About 40 truckloads of timber is at a log dump, but can’t be touched while harvesting is suspended.
About 40 truckloads of timber is at a log dump, but can’t be touched while harvesting is suspended.

The NSW timber industry says it’s haemorrhaging money with harvesting largely shut down amid a battle over endangered greater gliders.

Almost two weeks have passed since the government-owned Forestry Corporation suspended 15 harvesting operations in state forests.

The corporation says it had no choice after the Environment Protection Authority changed protections for glider habitat trees, leaving it with no time to conform.

The Australian Forest Contractors Association says the shutdown is the biggest the industry has experienced, outside emergencies like the Black Summer bushfires.

Industry players say the cost has already been enormous, with no end to the suspension in sight.

Anthony Dorney’s family business, in the Bulahdelah area, has taken a triple hit, with the shutdown affecting its saw mills, log hauling and harvesting operations.

He says 24 of his 120 workers are stood down, with losses topping $100,000 so far.

His truck fleet – kitted out for log hauling – is largely idle, with the costs associated with each vehicle about $15,000 a month.

The family’s business advisor Marius Heymann reckons it won’t be long before the mills run out of wood.

An estimated 40 or more truckloads of timber is sitting at a log dump, but the suspension means it can’t be touched.

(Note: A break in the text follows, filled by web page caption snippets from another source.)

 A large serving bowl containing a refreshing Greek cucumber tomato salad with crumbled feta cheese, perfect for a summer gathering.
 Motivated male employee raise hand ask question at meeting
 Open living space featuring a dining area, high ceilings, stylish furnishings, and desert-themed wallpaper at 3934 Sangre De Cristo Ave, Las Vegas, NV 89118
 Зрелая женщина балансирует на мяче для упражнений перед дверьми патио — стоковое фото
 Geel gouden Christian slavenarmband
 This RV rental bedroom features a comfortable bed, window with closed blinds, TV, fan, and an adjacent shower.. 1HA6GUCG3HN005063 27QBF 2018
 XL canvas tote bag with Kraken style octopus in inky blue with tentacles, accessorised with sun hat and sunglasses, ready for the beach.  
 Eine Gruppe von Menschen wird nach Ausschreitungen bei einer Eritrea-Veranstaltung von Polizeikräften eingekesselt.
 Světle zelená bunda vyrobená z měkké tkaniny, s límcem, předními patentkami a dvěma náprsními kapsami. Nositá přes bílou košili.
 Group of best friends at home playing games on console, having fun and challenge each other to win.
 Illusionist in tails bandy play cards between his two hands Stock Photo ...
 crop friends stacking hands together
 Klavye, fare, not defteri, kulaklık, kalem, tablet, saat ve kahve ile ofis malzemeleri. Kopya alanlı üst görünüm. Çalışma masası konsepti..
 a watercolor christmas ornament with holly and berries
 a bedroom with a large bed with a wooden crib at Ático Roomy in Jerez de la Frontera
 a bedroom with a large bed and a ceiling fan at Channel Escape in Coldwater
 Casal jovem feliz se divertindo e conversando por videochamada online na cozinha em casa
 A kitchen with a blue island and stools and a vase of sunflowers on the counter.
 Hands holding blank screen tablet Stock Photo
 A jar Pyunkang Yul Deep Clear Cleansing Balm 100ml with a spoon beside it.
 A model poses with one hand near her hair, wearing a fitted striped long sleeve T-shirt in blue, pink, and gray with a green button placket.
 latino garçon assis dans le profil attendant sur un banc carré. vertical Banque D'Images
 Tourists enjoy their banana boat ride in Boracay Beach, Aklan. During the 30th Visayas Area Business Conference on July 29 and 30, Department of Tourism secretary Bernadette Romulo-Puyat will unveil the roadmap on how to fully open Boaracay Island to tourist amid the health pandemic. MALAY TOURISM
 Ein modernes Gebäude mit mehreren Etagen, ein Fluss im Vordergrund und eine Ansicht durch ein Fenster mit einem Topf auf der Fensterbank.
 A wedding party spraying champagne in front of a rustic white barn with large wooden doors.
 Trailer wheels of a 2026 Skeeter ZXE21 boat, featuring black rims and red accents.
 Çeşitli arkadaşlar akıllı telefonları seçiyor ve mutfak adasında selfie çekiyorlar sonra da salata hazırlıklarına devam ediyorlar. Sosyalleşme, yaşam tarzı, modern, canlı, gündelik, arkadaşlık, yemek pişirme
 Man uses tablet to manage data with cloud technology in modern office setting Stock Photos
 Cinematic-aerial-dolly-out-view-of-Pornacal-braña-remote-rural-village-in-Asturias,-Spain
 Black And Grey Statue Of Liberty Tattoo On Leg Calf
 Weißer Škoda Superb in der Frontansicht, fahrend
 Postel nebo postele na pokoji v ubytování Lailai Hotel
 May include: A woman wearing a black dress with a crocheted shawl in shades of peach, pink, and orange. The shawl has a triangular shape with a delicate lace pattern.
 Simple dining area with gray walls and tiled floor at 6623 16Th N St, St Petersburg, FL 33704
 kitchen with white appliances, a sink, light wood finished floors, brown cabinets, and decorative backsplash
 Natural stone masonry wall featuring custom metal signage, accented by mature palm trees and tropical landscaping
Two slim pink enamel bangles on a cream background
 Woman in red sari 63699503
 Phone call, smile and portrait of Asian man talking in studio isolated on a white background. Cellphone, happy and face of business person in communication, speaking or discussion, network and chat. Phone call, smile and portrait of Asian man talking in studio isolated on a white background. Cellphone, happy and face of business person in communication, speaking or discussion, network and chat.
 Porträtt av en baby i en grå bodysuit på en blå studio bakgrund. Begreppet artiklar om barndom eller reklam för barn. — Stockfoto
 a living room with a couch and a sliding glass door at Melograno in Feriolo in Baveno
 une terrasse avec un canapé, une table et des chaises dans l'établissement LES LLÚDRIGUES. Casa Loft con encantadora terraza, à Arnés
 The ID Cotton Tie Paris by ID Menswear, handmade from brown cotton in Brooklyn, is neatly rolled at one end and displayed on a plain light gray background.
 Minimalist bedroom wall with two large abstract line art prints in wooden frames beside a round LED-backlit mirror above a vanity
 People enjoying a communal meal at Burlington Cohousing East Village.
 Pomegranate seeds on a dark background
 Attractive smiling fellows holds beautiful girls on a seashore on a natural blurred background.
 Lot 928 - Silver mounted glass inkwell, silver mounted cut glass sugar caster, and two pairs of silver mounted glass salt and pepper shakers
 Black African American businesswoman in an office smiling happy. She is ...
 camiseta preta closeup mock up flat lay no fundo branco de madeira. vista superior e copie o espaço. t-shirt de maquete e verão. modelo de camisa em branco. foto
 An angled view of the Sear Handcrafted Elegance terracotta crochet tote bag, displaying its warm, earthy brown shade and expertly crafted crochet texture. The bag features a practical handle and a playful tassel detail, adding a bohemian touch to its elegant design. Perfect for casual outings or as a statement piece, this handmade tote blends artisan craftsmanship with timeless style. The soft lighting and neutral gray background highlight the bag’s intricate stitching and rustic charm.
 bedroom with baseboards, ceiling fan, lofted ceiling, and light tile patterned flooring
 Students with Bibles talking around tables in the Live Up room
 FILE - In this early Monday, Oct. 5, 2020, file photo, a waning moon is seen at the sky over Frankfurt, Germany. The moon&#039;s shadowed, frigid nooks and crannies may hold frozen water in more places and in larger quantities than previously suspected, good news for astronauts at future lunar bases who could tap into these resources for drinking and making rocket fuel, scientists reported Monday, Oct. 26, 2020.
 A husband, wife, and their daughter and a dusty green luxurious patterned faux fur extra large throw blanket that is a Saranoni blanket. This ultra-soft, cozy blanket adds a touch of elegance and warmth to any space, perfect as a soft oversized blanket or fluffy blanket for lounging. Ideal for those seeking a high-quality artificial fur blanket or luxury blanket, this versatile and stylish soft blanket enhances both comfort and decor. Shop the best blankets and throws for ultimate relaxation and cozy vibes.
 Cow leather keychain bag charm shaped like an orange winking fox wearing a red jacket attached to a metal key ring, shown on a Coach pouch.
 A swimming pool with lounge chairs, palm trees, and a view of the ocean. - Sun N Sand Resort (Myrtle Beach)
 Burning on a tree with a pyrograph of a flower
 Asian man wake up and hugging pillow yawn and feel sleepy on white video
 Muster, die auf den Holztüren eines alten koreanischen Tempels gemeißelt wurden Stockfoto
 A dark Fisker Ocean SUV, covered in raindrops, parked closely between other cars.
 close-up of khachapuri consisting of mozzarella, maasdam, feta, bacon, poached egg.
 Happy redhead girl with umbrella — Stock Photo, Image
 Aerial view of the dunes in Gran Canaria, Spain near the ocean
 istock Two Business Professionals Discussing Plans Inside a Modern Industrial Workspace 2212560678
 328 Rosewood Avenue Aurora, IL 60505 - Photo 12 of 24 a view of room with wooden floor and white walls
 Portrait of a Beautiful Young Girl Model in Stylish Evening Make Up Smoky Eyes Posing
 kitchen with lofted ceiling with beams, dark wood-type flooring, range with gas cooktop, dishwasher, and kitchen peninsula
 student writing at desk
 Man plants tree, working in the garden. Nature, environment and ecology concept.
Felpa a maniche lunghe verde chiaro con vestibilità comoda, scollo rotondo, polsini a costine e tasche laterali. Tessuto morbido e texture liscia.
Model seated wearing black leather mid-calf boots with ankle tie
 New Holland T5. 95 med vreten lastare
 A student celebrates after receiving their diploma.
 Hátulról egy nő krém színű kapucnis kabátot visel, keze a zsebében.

It’s a terrible impasse, Mr Dorney says, and one he just wants resolved.

Greater Gliders
Timber harvesting in NSW state forests has been suspended over new rules to protect greater gliders. (HANDOUT/WWF AUSTRALIA)

Kirsty Parker is part of a family-run harvesting crew on the mid-north coast, and says her business has lost thousands.

“I know Forestry is working on getting this right and we fully appreciate that but we’re making no money and we’ve got families to feed,” she said.

At the heart of the issue is a new rule requiring the protection of any tree in which a glider is spotted, along with a 25-metre logging exclusion zone. The protection is temporary, lasting for the duration of a forestry operation.

Tim Lester, from the Australian Forest Contractors Association, describes the change as “huge” and says mill closures and impacts on wood supply won’t be far off unless the situation is resolved quickly.

He says the industry has been hit with three sets of rule changes relating to gliders in recent months, and the constantly shifting sands are unworkable.

“What we need from the NSW govt … is really holistic and consistent approach that doesn’t end up with one agency essentially playing off another.”

Maree McCaskill from Timber NSW says the truckies and harvesters contracted by Forestry Corporation are paying the price for “a fight between two government departments”.

She estimates losses at $2000 to $4000 per day for each harvest crew and up to $20,000 a day for haulers with big fleets.

NSW Agriculture Minister Tara Moriarty says she’s deeply concerned about impacts on businesses and workers.

“I want agencies to work better together so we can minimise impacts of protocol changes on workers,” the minister said.

A spokesperson for the Minns government said it had promised an environmental watchdog “with teeth” and support for a sustainable timber industry.

The Forestry Corporation says it warned the EPA of stand downs unless it was given more time to implement the latest rule changes.

The authority says the corporation was afforded procedural fairness before the changes were announced.